A Tale by Michael DeAngelo
Chapter One: Cat of the Kehara
Crystalline granules of sand whipped about in a frenzy, scattering this way and that. Even without the oppressive wind casting the dunes her way, she would have still had to deal with the sun. Its radiance reflected off of the golden mounds, bright enough to blind anyone. She was prepared though, several light layers of burgundy cloth wrapped around her face so that only a small portion of her eyes were visible, amber jewels that scanned the sands.
Kaiyonani let fly a deep breath that was caught by her headwear. Saveon summers were difficult to endure, and that one was said to be one of the worst. Still, she had a task to perform – one of the first in her life that she was trusted to partake of on her own accord – and she meant to perform it well.
She began another ascent up one of the steep dunes. Her padded feet were perfect for scaling the rolling sand, and her outfit, scarce as it was, allowed for mobility. The staff at her side was used more for balance than prodding the ground. Indeed, she often held it just above the surface. Her youthful body had become toned and strong from such endeavors.
As Kaiyonani reached the peak of that tall mound, she finally allowed herself some respite. With a firm tap, she rooted the staff in the sand, and braced against it. A slow, deep breath filtered in through the sash, and she relished in the cooler, clear air that blew atop the dune. Free of the harsh sand, she reached up and tugged on her makeshift mask. As the sash lowered, it revealed her feline features.
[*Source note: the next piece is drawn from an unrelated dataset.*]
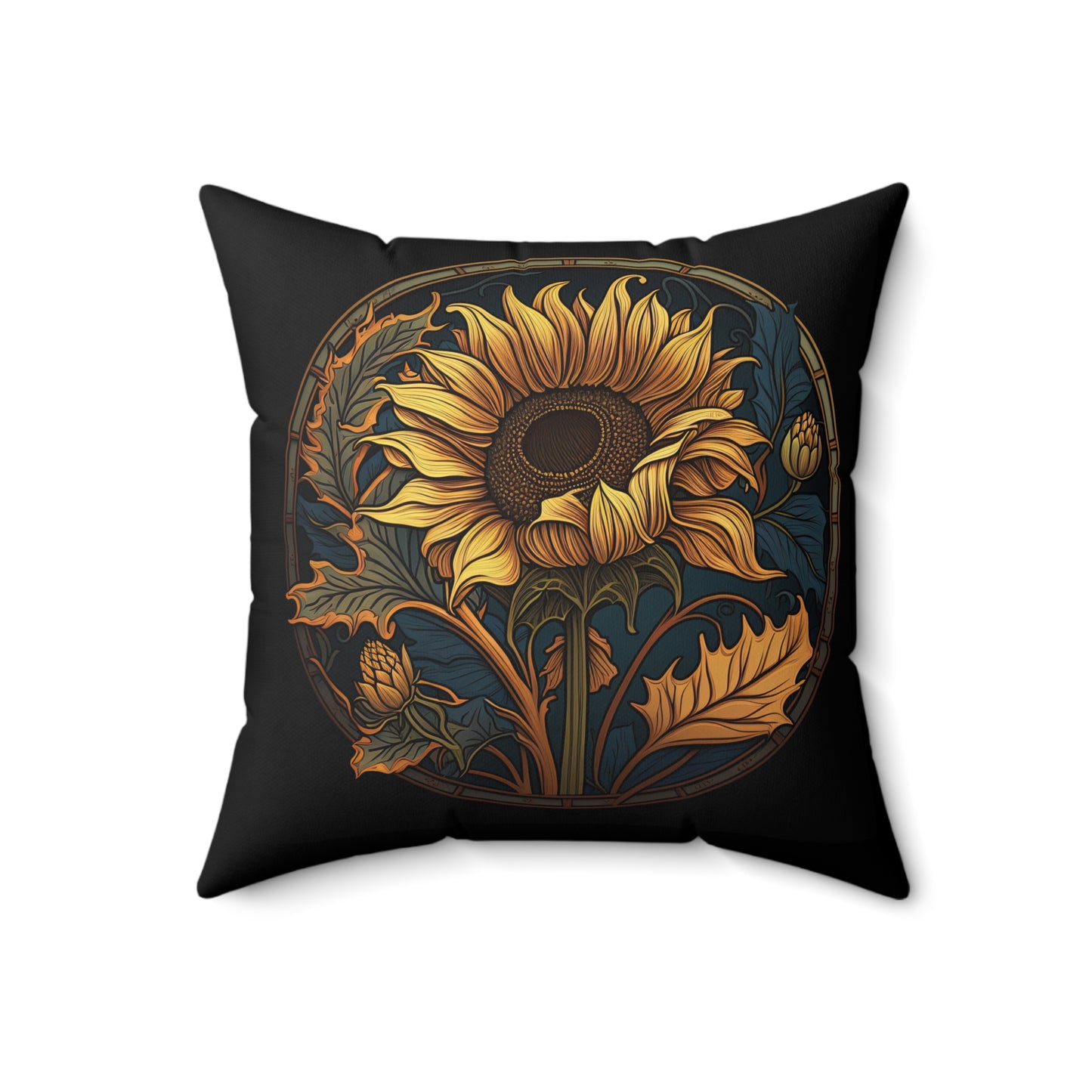 Art Nouveau Sunflower Pillow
Kaiyonani parted her lips and breathed in the cool zephyr that traveled atop the dunes. Blinking away her fatigue, she ventured a glance over her shoulder. The oasis she had left behind was so far away then. She could barely see the palm trees casting down their shadows on the wide pool, nor the encampment that called the place home. The zephyr intensified, and she could see those distant trees bend to the wind, and she watched as sand rolled over the dunes that surrounded the oasis.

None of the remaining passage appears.